The exact run that produced the numbers above — one self-contained command on Hugging Face Jobs (no ssh; serves baseline → measures → re-serves with DFlash → measures → byte-parity), funded by the HF Jobs credit pool:

hf jobs uv run --flavor h200 --timeout 1500 --detach --secrets HF_TOKEN scripts/hf_job_ab.py
# then: hf jobs logs <id>  →  the [job] RESULT / BASELINE_JSON / DFLASH_JSON / PARITY_JSON lines

scripts/hf_job_ab.py pins the working vLLM env (Triton MoE + Torch sampler + FlashAttention, so no CUDA toolkit is needed in the slim image — see THE_JOURNEY.md for why). Below is the equivalent local two-server flow for any CUDA box with the released weights (vLLM ≥ 0.21.0):

# 1. Baseline server (speed floor)
python scripts/serve_vllm.py --mode baseline --run        # serves on :8000

# 2. Benchmark baseline (separate shell)
python bench/measure.py --base-url http://localhost:8000 --model laguna \
    --label baseline --n 20 --out results/baseline.json

# 3. DFlash server — same command + the one --speculative-config flag
python scripts/serve_vllm.py --mode dflash --run
python bench/measure.py --base-url http://localhost:8000 --model laguna \
    --label dflash --n 20 --out results/dflash.json

# 4. Quality + lossless parity
python evals/humaneval_subset.py --base-url http://localhost:8000 --model laguna \
    --n 25 --out results/humaneval_dflash.json
python evals/humaneval_subset.py --parity \
    --base-url http://localhost:8000 --base-url-b http://localhost:8001 --model laguna --n 25

The results table above is the diff of results/baseline.json and results/dflash.json plus the parity result. τ is read from vLLM's /metrics.

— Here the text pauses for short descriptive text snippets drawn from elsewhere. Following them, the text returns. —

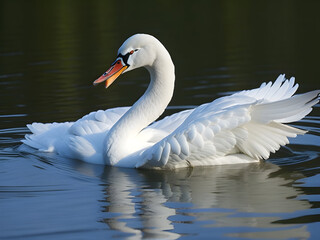 Obraz premium swan on the lake high quality photo 
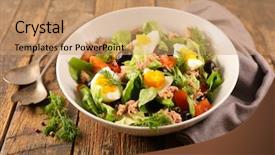  Presentation with tuna - PPT theme consisting of mixed vegetable salad with egg background and a coral colored foreground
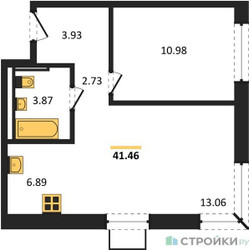 Планировка однокомнатной(квартира) площадью 41.46 квадратных метров в ЖК “ЖК Квартал Западный”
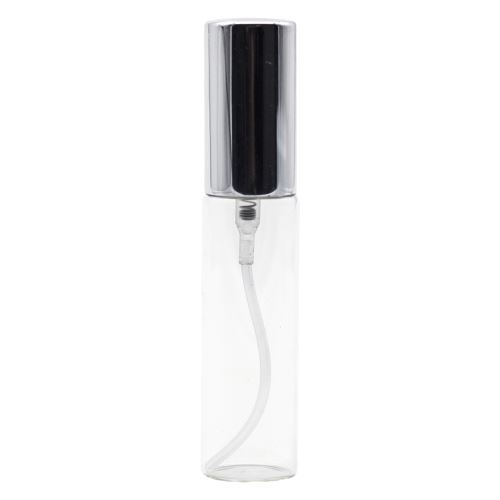 Glass perfume container with atomizer and silver cap, 10 ml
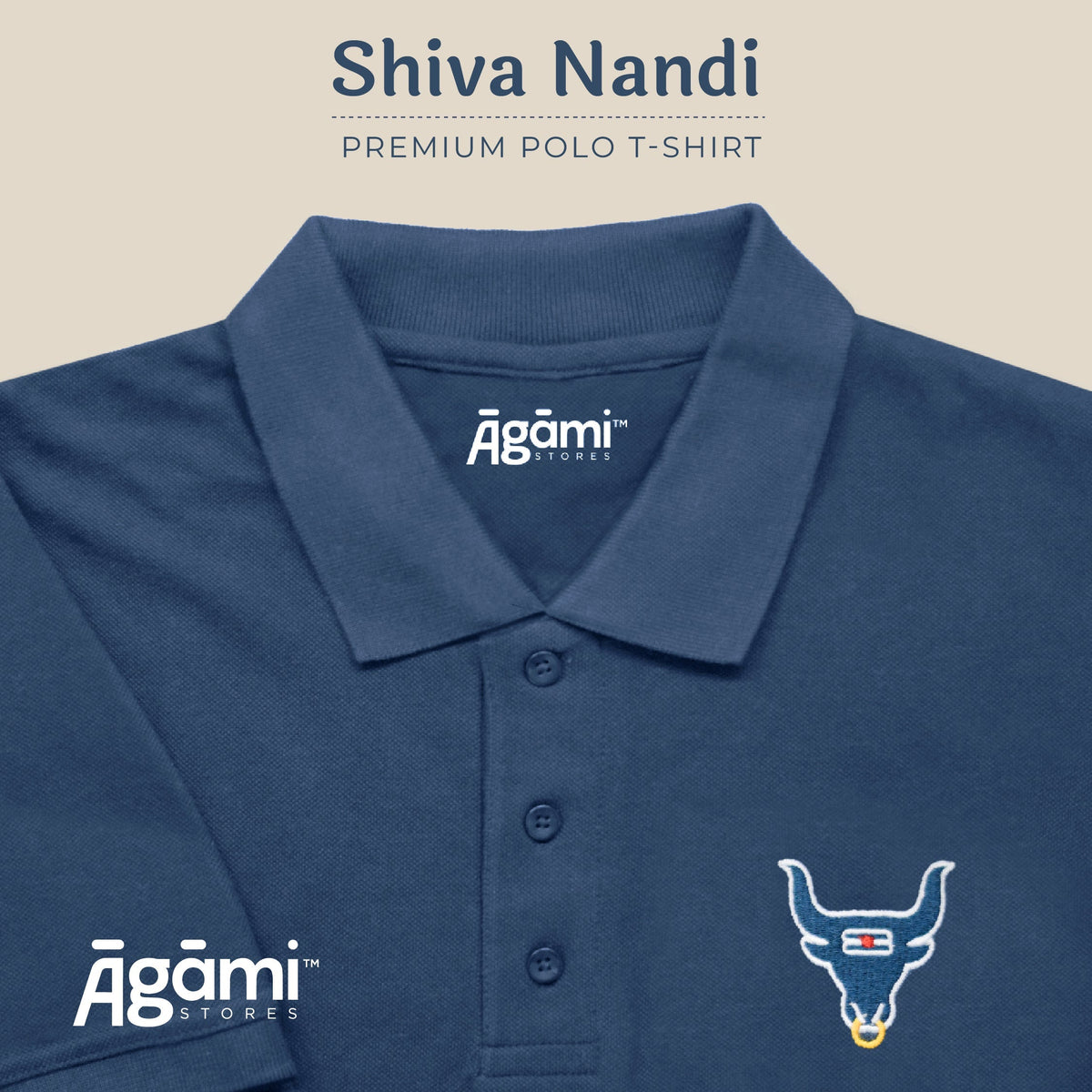 Shiva Nandi Polo T-Shirt - Denim Blue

Honesty note — the low-batch regime

This is deliberately a single-GPU, low-concurrency result: one box, one agent, maximum tokens/sec.

Speculative decoding helps most at low batch size / memory-bound decode, where each step reloads the active weights to emit a single token and doing useful work for several tokens per pass is a large win. It helps less at high batch size / compute-bound decode — once the GPU is saturated, the matmuls dominate and the extra verify work for rejected drafts can slightly hurt. At very high concurrency you would tune γ down or turn speculation off.

The reported speedup, τ, and acceptance numbers are for the low-batch single-GPU regime on coding-style prompts. The lossless claim (greedy parity) holds regardless of regime — it is a correctness property of the verification step, not a function of batch size.

License

Apache 2.0, inheriting poolside/Laguna-XS.2.